The rest of the game is in the actions phase, taking it in turns each player gets to pick and choose one action. Whether it’s playing an upgrade or quest which will utilise those cards. Invading which will see you placing troops on the board, or pillaging where you can attempt to increase your clan stats from various rewards available in different regions by winning battles. This keeps going until everyone eventually taps out having run out of Rage.
This is where it all comes down to having that best most efficient engine, actions such as the pillage are free if you still have rage, so the slow accumulation of troops on the board is a viable tactic waiting to strike and taking as many rewards as possible. An opponent may, however, have already increased his Axe stat and just go about accumulating Glory through hacking and slashing across the board.
Then Ragnarok happens and any units sat in the province when its nuked gain Glory for having had such a glorious demise and we can begin again.
There’s a great deal going on here, many, many different strategies and tactics and in truth I still need to play more to discover them all. There is the worry of the runaway leader problem, the draft can be unforgiving especially for beginners. Somebody getting lucky and setting up a working engine in the first round if unchallenged can pull away from the others. You can’t afford to become solely focused on your clan or risk losing the war, a strong player going unchecked will eventually decimate their opponents.

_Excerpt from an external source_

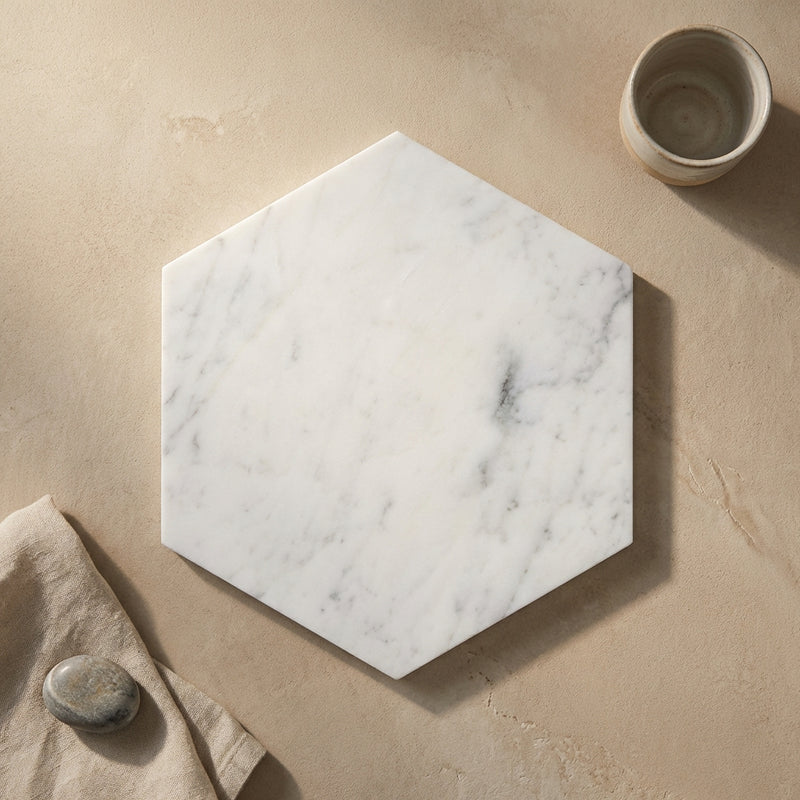 Carrara White (Italian) Marble 3x3 Polished Hexagon Mosaic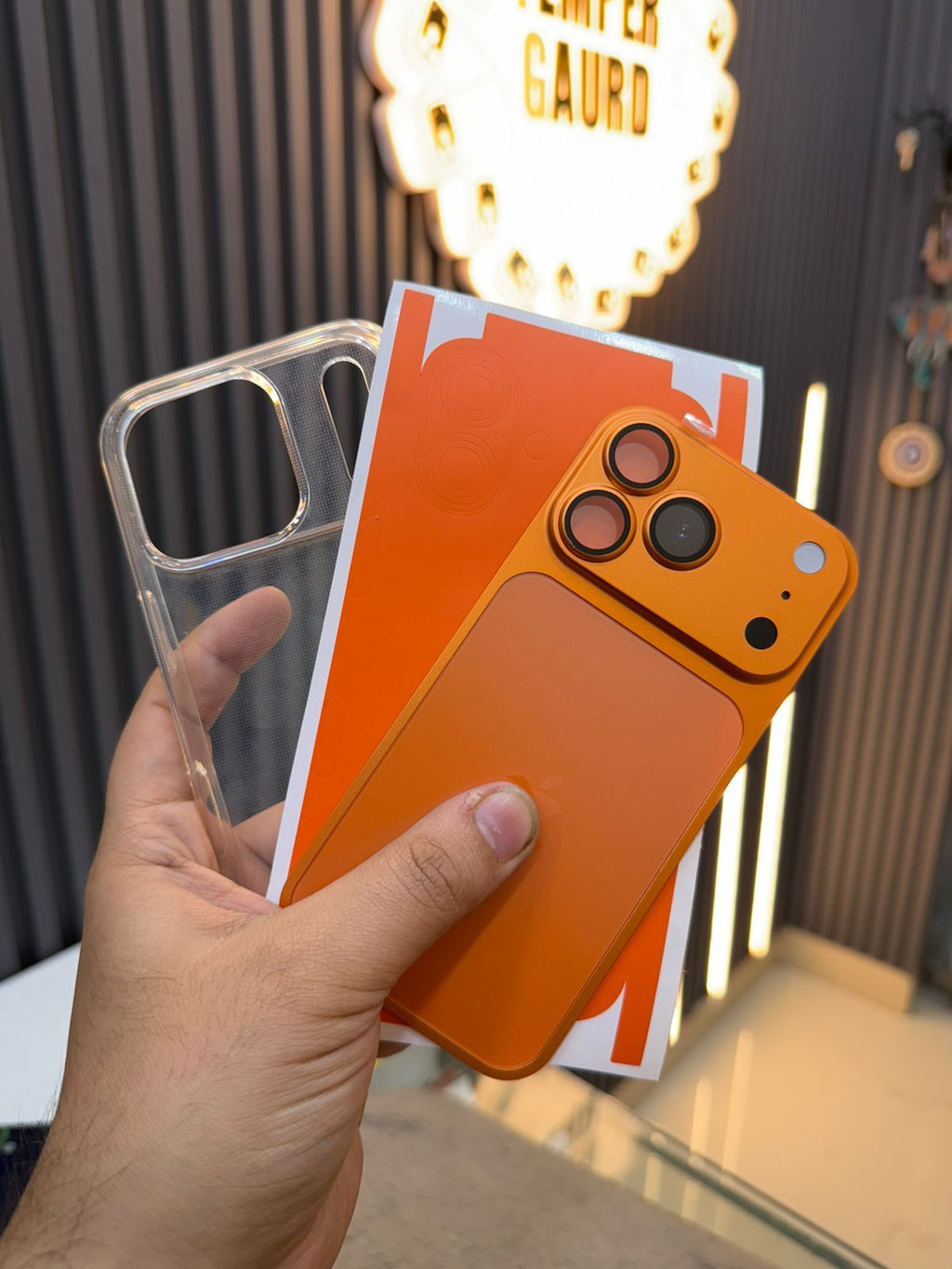 Premium Flash Hide Metal Sheet For older phone  → 17 Pro/max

So is it any good. Yes, sir, it is. This game finally puts Cool Mini on the map as a true contender to the likes of Fantasy Flight it’s a solid design that welcomes repeat plays with a multitude of different paths to victory. The fact it also comes with such amazing miniatures is the icing on the cake, those monsters are actually ridiculous but so totally satisfying when you get one on the board. Is it as great as the hype surrounding it, probably not but it’s certainly no Phantom Menace and while the price tag may be too steep for some what you’re getting for your money is all there to see?

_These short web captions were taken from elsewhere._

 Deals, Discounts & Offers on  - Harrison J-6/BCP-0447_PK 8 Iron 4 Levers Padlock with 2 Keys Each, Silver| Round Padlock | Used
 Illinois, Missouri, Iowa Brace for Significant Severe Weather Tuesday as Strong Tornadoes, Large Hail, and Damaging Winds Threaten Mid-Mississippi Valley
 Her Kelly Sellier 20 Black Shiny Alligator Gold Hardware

My criticisms are few and far between, a little more variety in the cards would have been nice, it’s something easily resolved with an expansion. I’m a fan of the emergent asynchronicity but a little baked in from the beginning would have added just that touch more flavour to the clans, other than the purely cosmetic. It plays well from 2 to the 4/5 and in truth at the lower numbers its a different game to the sausage fest that takes place on a board crammed with players.
Game of the year? It’s certainly one of the most enjoyable gaming experiences I’ve encountered in 2015 and one I’m keen to return to, anything that looks just so damn handsome when on the table can’t be all that bad now can it?